For many projects there is a gap between the “ideal” design scenario and budget “reality”. A preliminary schematic design cost estimate confirmed this project was no exception. Through a diligent effort, however, square footage was trimmed, some unnecessary design “features” were omitted, and the budget gap was reduced to meet fiscal objectives. The revised construction cost estimate projected a cost reduction greater than 25%, yet surprisingly, compromises to the original design intent were relatively minimal. Understandably, with the decision to obtain LEED® certification, there was concern regarding the cost impact. Fortunately, in this case, the bidding climate was favorable and the premium costs proved to be minimal.

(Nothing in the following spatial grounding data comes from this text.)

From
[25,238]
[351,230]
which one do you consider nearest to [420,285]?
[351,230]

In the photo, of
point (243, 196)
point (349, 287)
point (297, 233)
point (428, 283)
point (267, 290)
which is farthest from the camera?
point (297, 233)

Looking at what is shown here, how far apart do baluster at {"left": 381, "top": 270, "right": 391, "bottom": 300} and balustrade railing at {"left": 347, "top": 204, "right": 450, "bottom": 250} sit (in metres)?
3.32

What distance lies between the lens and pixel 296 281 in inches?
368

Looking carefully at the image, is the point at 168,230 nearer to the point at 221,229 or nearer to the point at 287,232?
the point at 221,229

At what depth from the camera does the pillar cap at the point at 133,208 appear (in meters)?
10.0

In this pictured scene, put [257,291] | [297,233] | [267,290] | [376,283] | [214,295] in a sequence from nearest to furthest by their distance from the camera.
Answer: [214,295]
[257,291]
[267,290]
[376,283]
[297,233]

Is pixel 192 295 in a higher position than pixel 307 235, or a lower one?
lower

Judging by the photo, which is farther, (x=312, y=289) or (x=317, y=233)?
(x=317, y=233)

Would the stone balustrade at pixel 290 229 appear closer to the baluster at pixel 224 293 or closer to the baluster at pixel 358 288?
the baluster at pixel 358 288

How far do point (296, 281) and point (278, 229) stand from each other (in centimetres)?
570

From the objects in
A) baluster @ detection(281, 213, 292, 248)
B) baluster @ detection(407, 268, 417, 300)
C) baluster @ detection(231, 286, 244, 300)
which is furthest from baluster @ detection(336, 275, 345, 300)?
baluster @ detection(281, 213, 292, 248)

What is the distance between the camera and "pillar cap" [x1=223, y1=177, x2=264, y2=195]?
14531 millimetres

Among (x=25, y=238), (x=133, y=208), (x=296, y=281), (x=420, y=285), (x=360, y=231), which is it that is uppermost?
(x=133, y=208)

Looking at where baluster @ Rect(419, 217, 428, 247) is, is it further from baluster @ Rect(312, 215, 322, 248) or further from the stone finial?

The building form is deliberately simple and efficient. The apparatus room and supporting functions are combined in one compact rectangular form, while the remaining spaces occur in the attached building mass, essentially another rectangle. The two components are linked by a common vestibule, which also serves as the main building entrance. The building layout evolved, in part, through a need to construct the new building while maintaining occupancy of the existing facility. So in effect, the new structure was designed to wrap around the old.
Some of the building features include a seven-bay apparatus room with large arched door openings, drive-through bays, and a heated floor slab. The building is organized with two perpendicular hallways connecting entrances with all the primary spaces. The hallways, as the primary “public” spaces, are designed with a custom ceramic floor tile pattern and intersect to form an octagonal sky lit gathering space, accented with trophy cases, awards displays, and a mosaic inlay of the fire company logo.
Other interior spaces include private offices as well as a sky lit open office area. All offices have operable windows for individual control of natural ventilation. A board room, with maple wainscoting, and a mail/copy room compliment the administrative functions. The training room supports continuing education objectives with seating for forty students. A multi-purpose meeting room will accommodate one hundred occupants and is supported by a full kitchen. An exercise room is also provided; finished with 100% recycled rubber flooring. The club room, another sky lit space, has a two-tone bamboo floor, a fireplace, and direct access to an outdoor patio.
Additional “green” features include: Daylighting and views for all occupied spaces; Highly insulated exterior walls and roof, high performance window glazing; Recycled, renewable, and low VOC materials throughout; High efficiency heating/cooling/lighting with digital controls system; and Rainwater harvesting for toilet flushing.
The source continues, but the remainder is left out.